Former train station in Waldo, Florida, U.S.

Waldo station is a former train station in Waldo, Florida along the CSX S-Line. It serves Amtrak Thruway buses and previously served trains for Amtrak and other rail operators. The station is located at the interchange of US 301 and State Road 24 in Waldo, Florida.

== History ==
The original Waldo train station was built by the Seaboard Air Line Railway as a two-story structure with a large freight room, and was a divisional headquarters. In 1930, the top floor and part of the freight room were removed, and in 1963, the old building was replaced by the current structure. The station served the SAL's mainline in Florida. Trains included the New York City - Miami and St. Petersburg Silver Meteor and Silver Star, which operated in a more limited stop context in Florida, and the trains operating on the same route, Palmland and Sunland.

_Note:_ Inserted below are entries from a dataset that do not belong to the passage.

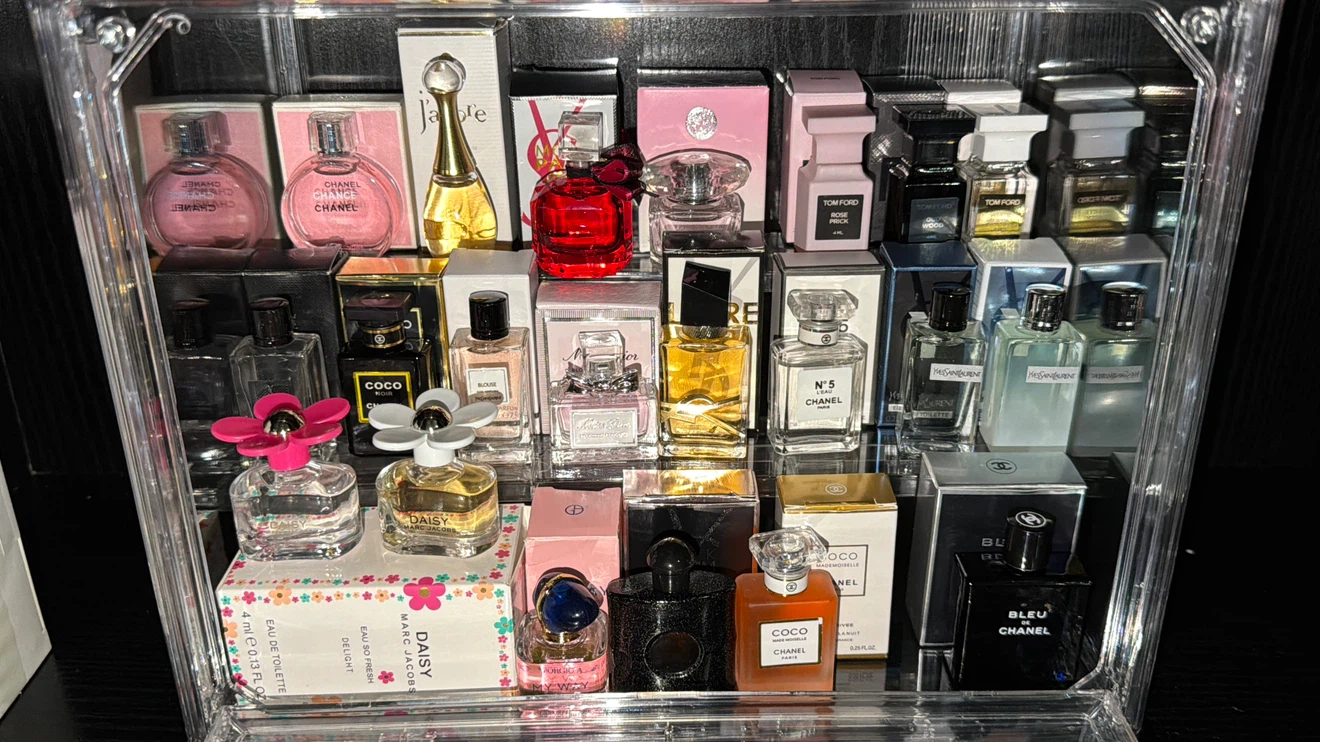 Collection of Miniature Perfumes - photo 5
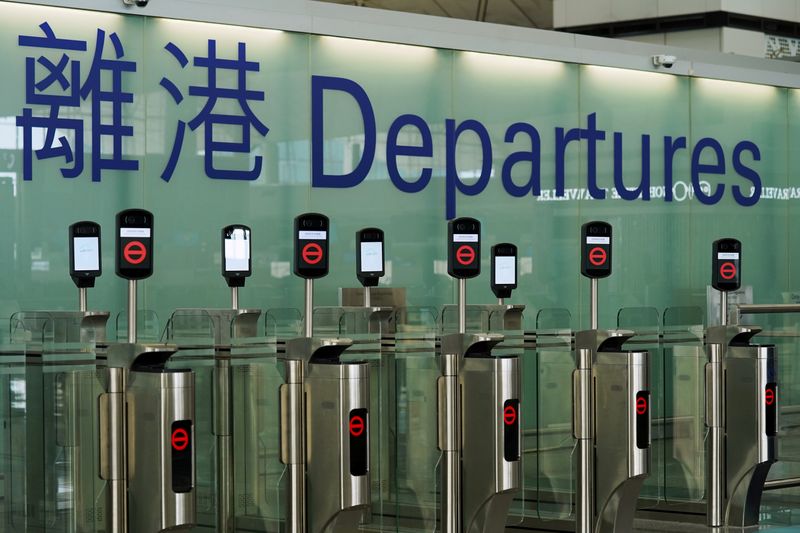 &copy; Reuters. Catracas fechadas na entrada da sala de embarque do aeroporto internacional de Hong Kong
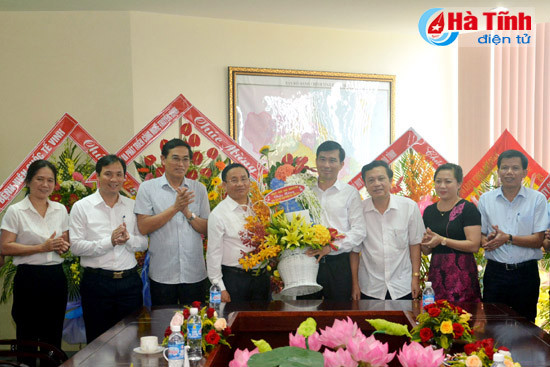 lanh dao ha tinh chuc mung cac co quan bao chi nhan ngay truyen thong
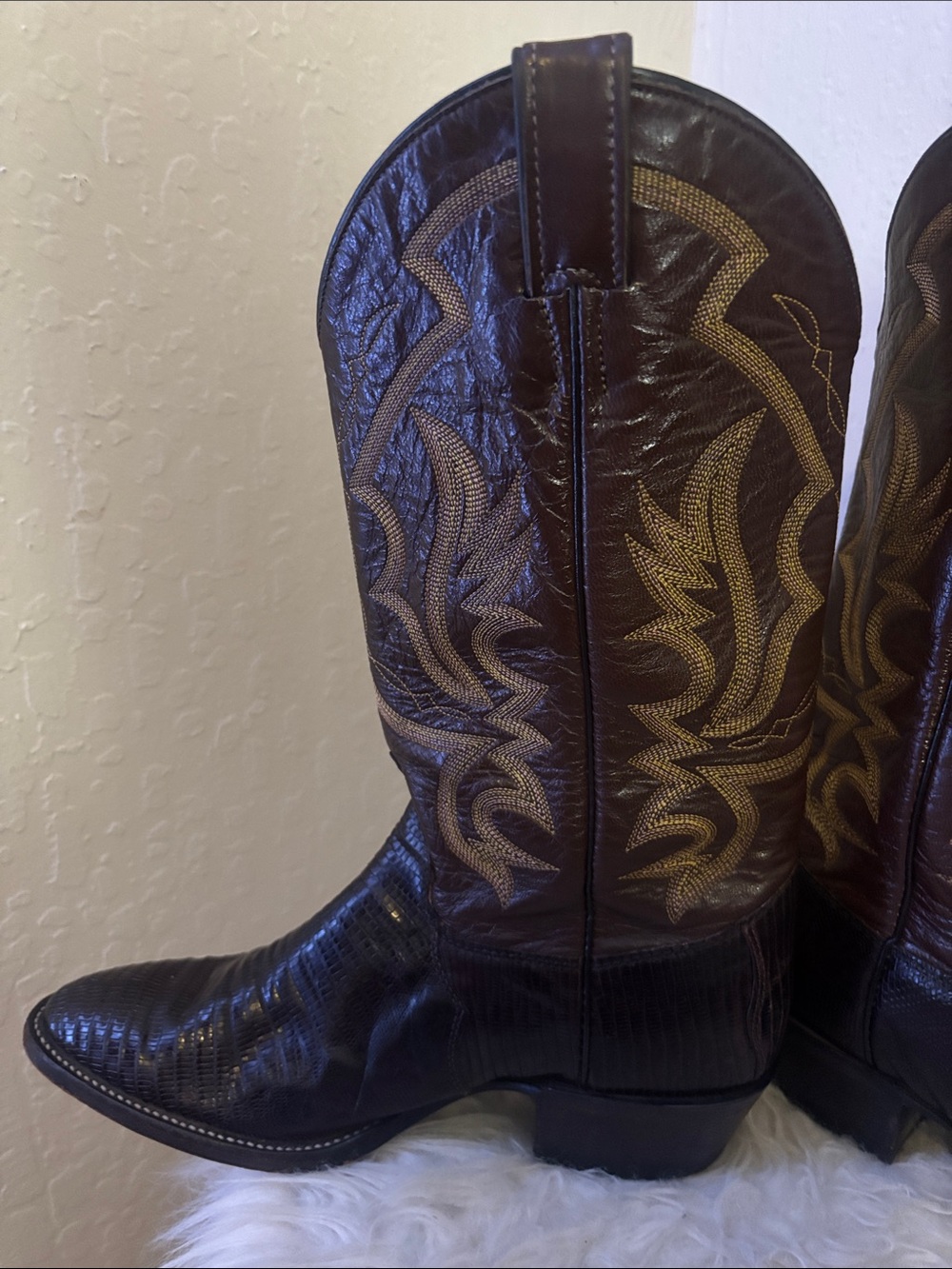 Dark Brown iguana / Teju Leather Cowboy Boots with Tan Stitching - Picture 3 of 12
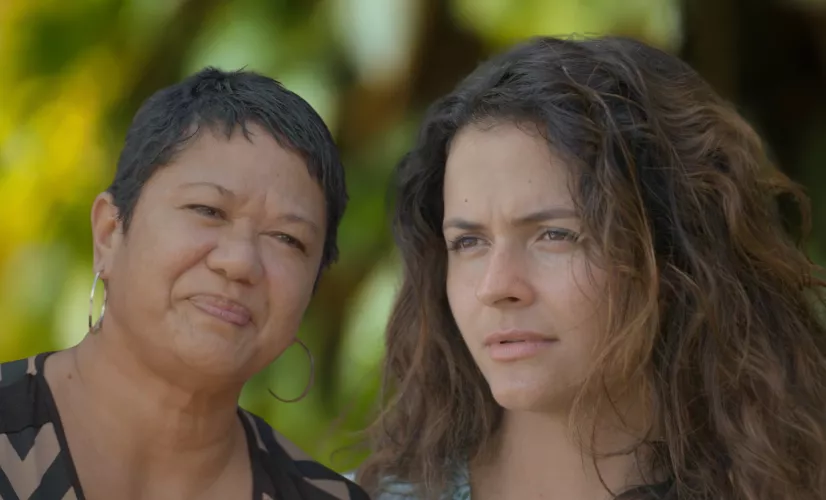 ELLES - vahine maohi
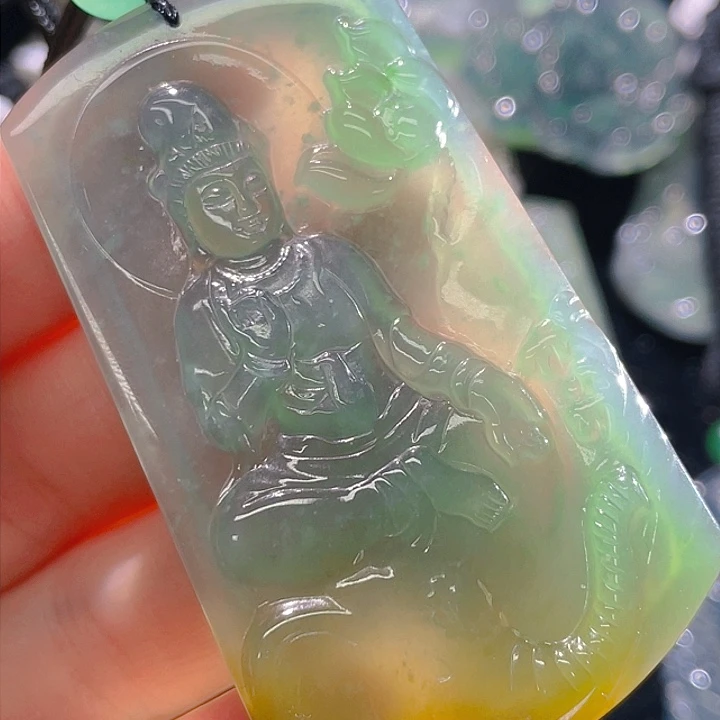 翡翠颈饰未镶嵌74，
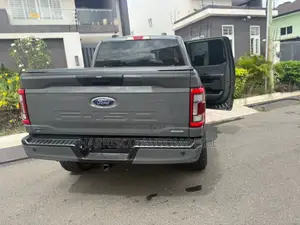 Ford F-150 2021 Black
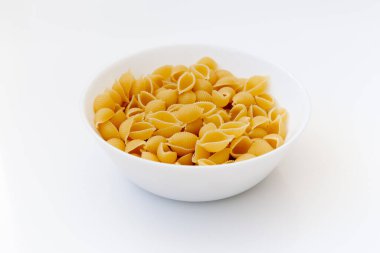 Lezzetli makarna ya da makarna, beyaz arka planda izole edilmiş. En iyi manzara, sağlıklı beslenme ya da sağlıklı yaşam tarzı. Beyaz kâse içinde makarna ya da makarna, İtalyan mutfağı..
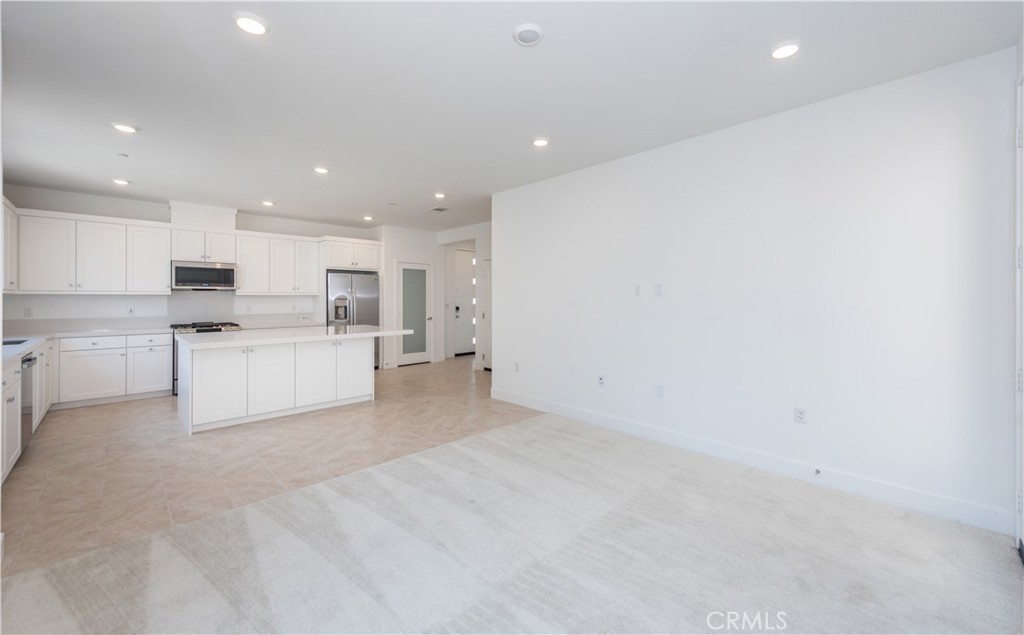 MLS #OC25258821 image #5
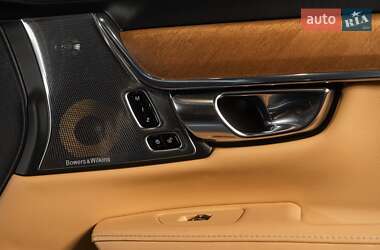 Седан Volvo S90 2017 в 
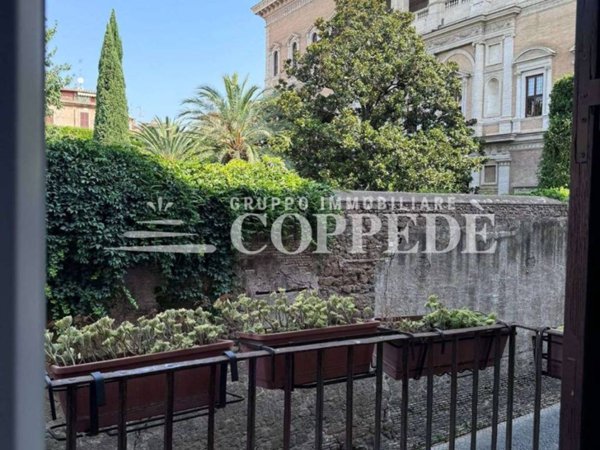appartamento in affitto a Roma in zona Rione Regola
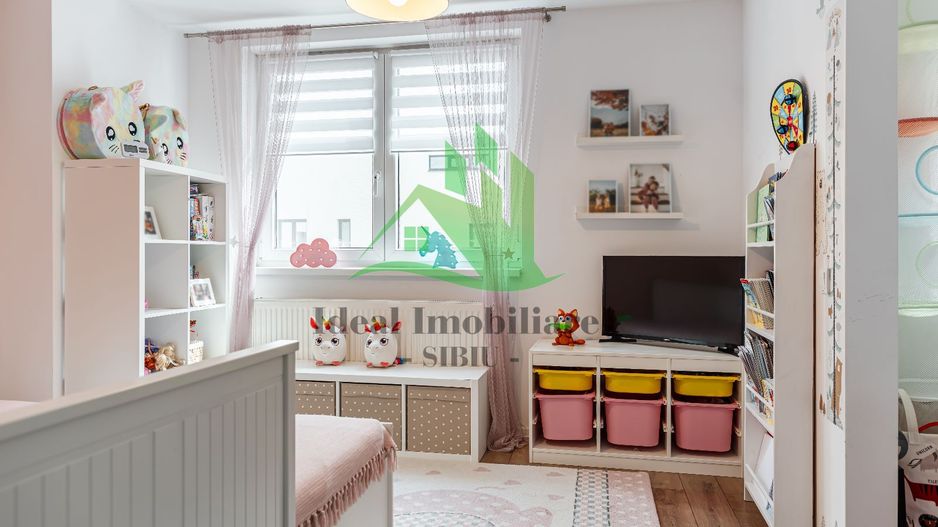 Casa Triplex cu 3 camere, Mobilat-Utilat, in Selimbar - Poză 13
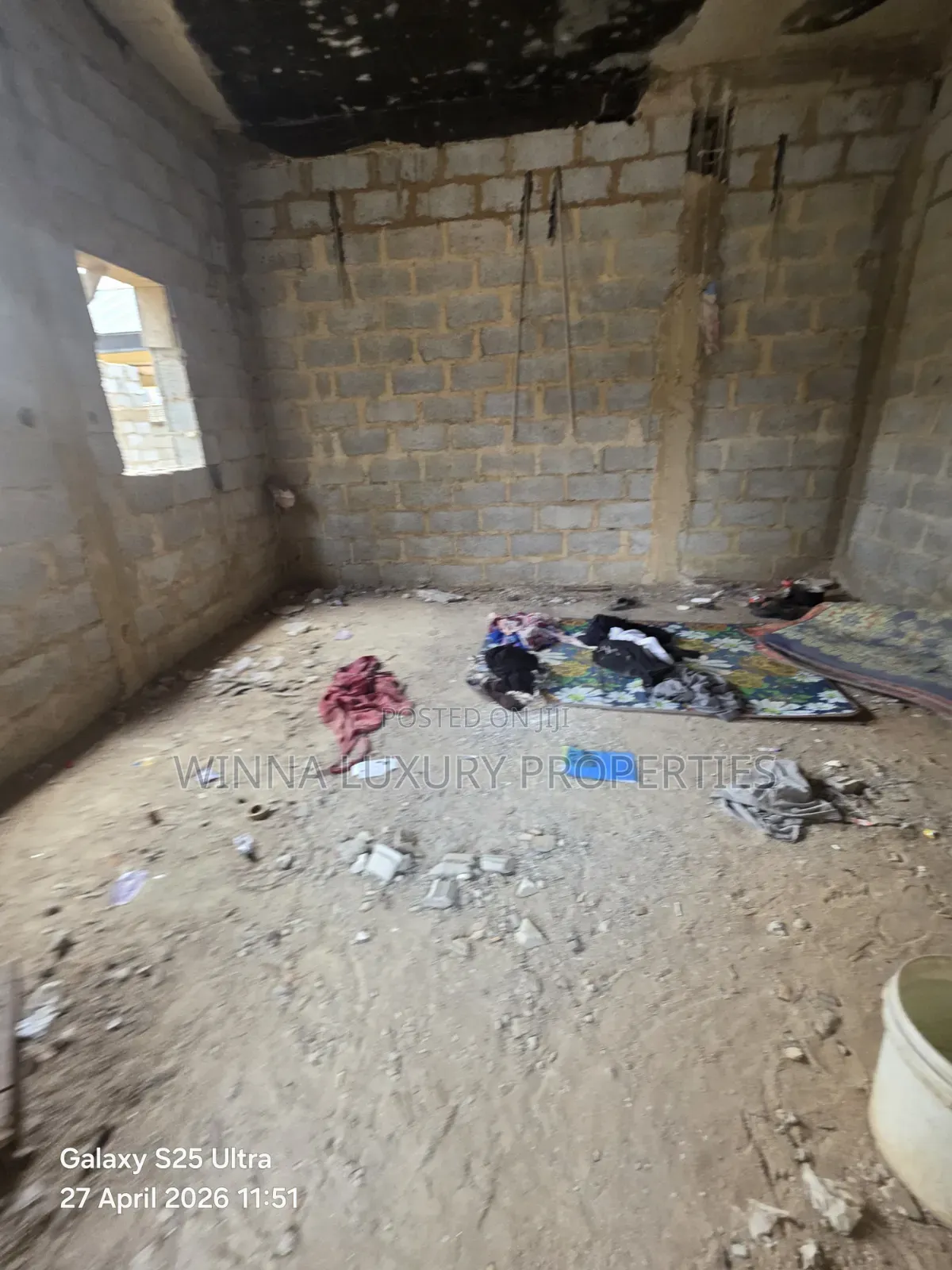 5bdrm Duplex in Aco Estate, Lugbe District for sale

In 1971, most passenger service in the United States was transferred to Amtrak, and the Silver Meteor retained its stop in Waldo. Throughout the latter part of the 20th century, Amtrak would move trains off and onto the S-Line. Some of these trains include the Silver Meteor, Silver Star, Floridian, and Palmetto. Finally, Amtrak revived the Silver Palm along the CSX S-Line in 1996, where it would keep its name, sleepers, and diner until 2002. In 2002, the train would be renamed back to Palmetto. Two years later, the Palmetto was truncated to Savannah, Georgia on November 1, 2004, prompting Amtrak to revive Silver Star service to Tampa along the CSX A-Line shared by the current Silver Meteor, and part of the suspended Sunset Limited, and finally ending passenger service to Waldo. Today, the station only serves as a stop for Amtrak Thruway bus service between Jacksonville and Lakeland.